Posted by divegypsy on 27 March 2013 - 06:30 PM

I just looked up the photozone test report.  This is one paragraph from their "VERDICT" of the lens.    http://www.photozone...-tokina162828ff

 

"Unfortunately there may be a hair spoiling the (optical) soup here - quality control. As mentioned we purchased three lens samples for testing, two in Nikon and on in Canon mount, and all three showed some centering issues. The initial Nikon variant was so poor that we had to cancel the testing procedure. The second sample, used for this review, was better, but still suffered from slight decentering at the long end."

 

Fred




#313313 Nikon announces the D800

Posted by divegypsy on 21 July 2012 - 07:56 PM

Hello Alexis,

I've bought several D800's but don't have a housing yet. Shot with the D700 underwater on my most recent trip - Bali and South Australia. One of the reasons I may switch to the D800 for underwater use is to cut down on the gear I would have travel with if I continue to shoot underwater with the D700 and topside with the D800. The two cameras use different batteries, which means different battery chargers. And back-up's for those chargers and back-up camera bodies of each type.
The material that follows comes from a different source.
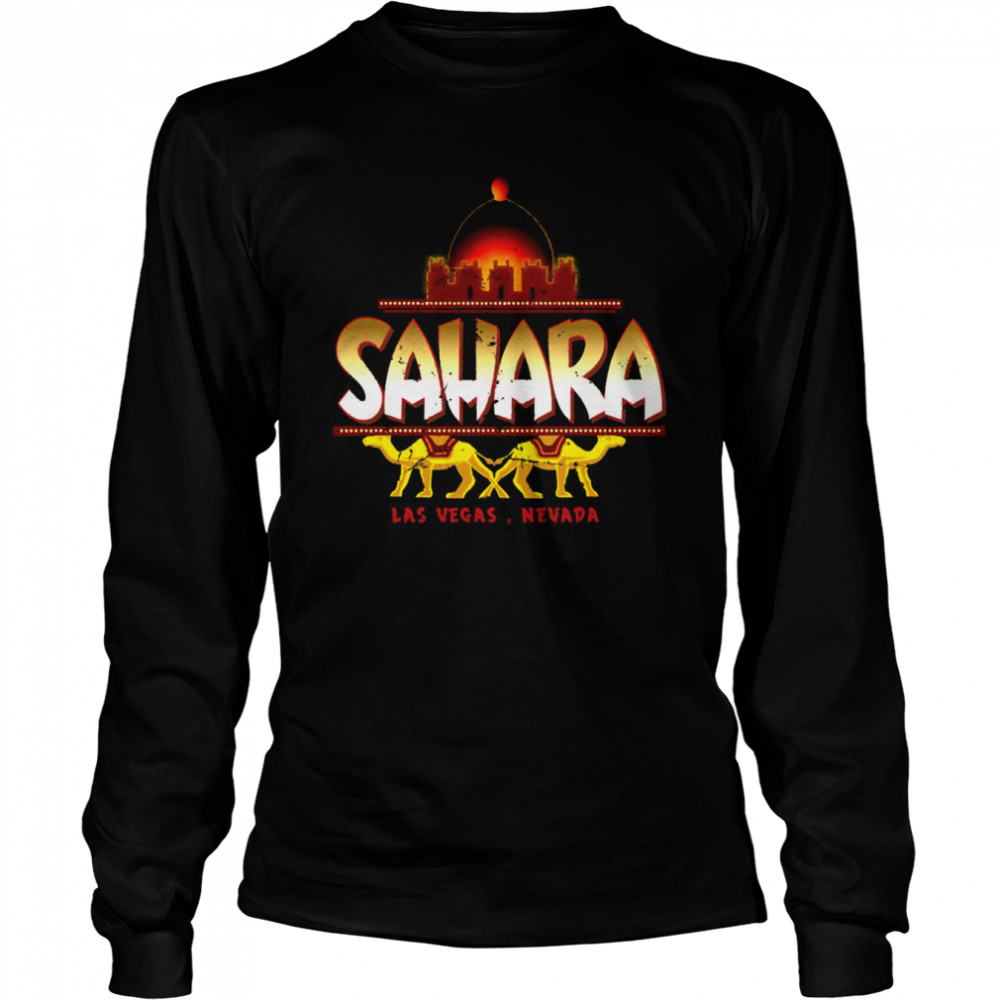 Sahara Las Vegas Nevada Shirt Long Sleeved T Shirt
I also prefer shooting with only one kind of camera body so that when I reach for a particular control button on the camera it is always the same place.

You should also keep in mind that how much difference you would see between the D700 and D800 depends a lot on what you want to do with the pictures. The higher dynamic range of the D800 will be most apparent and advantageous when shooting subjects with high contrast, such as having the sun in the picture. The higher resolution is likely to be visible only if you make very large prints of the full frame or make fairly large prints from a small portion of the whole image area. The theoretical maximum resolution increase, 1.67x, will only be realized if you shoot with top quality lenses at their optimum apertures, which in many cases may not give you the depth-of-field you want or need for the picture.

If you already own a D700, but not a D800, you will probably be able to save a very large amount of money on your underwater kit by buying a used housing for your D700 vs having to buy a new housing and a D800.